══ Material for the task
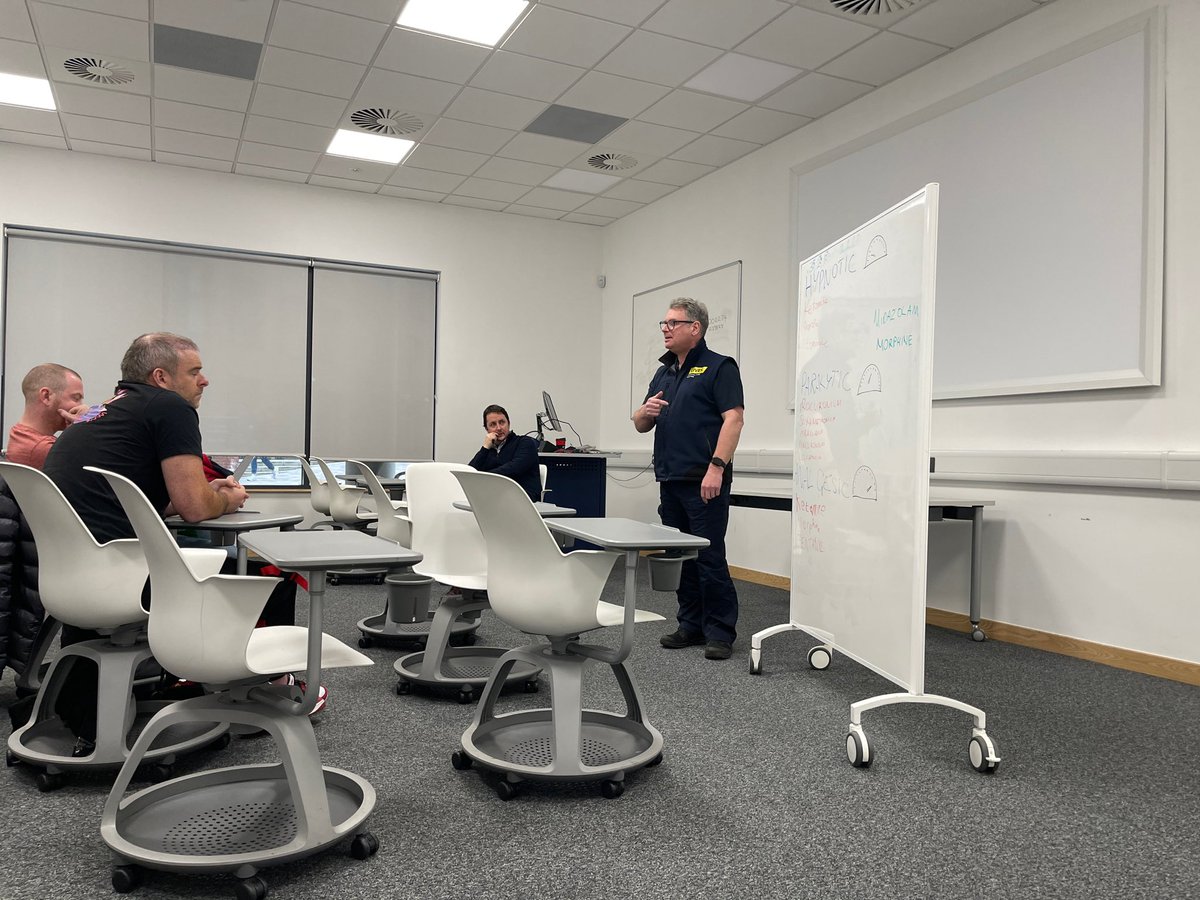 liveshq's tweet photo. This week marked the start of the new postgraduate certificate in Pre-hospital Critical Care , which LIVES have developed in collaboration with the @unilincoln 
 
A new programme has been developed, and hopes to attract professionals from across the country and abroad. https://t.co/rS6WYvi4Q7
════
══ Material for the task
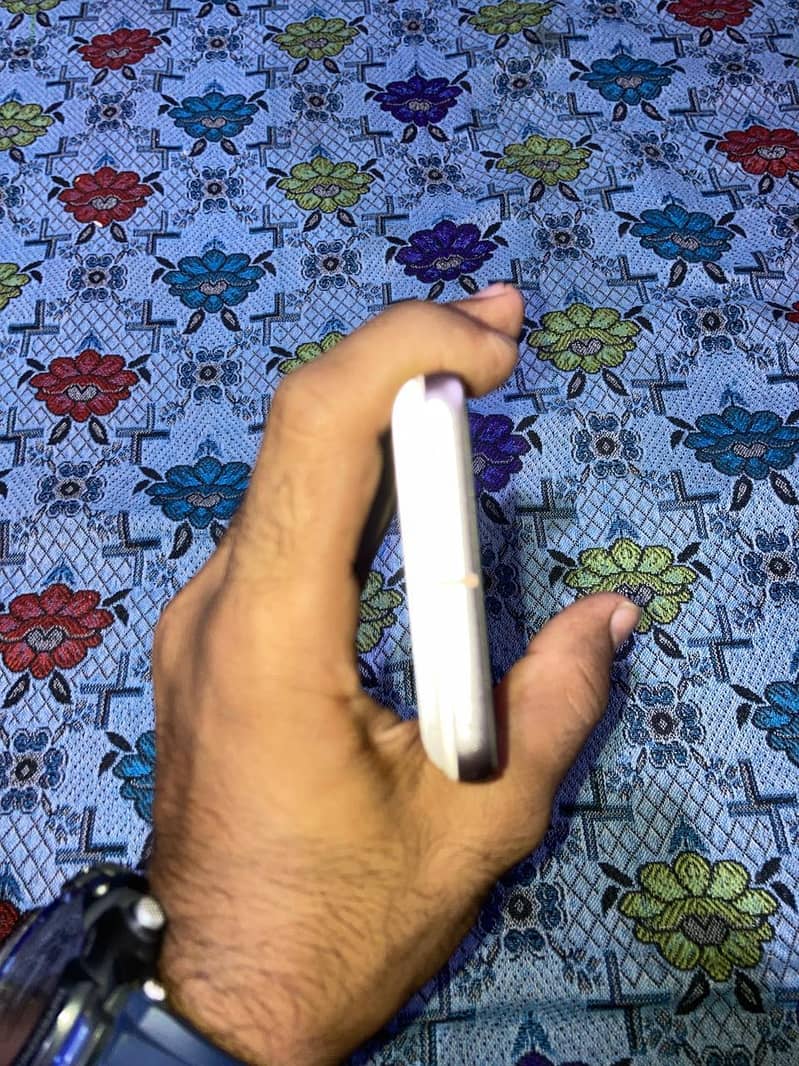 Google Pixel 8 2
════
What you have to do:
Beginning with the line above that contains "liveshq's tweet photo." and ending with the line that contains "A new programme", quote each line exactly, keeping out the pictures.

Task answer:
 liveshq's tweet photo. This week marked the start of the new postgraduate certificate in Pre-hospital Critical Care , which LIVES have developed in collaboration with the @unilincoln 
 
A new programme has been developed, and hopes to attract professionals from across the country and abroad. https://t.co/rS6WYvi4Q7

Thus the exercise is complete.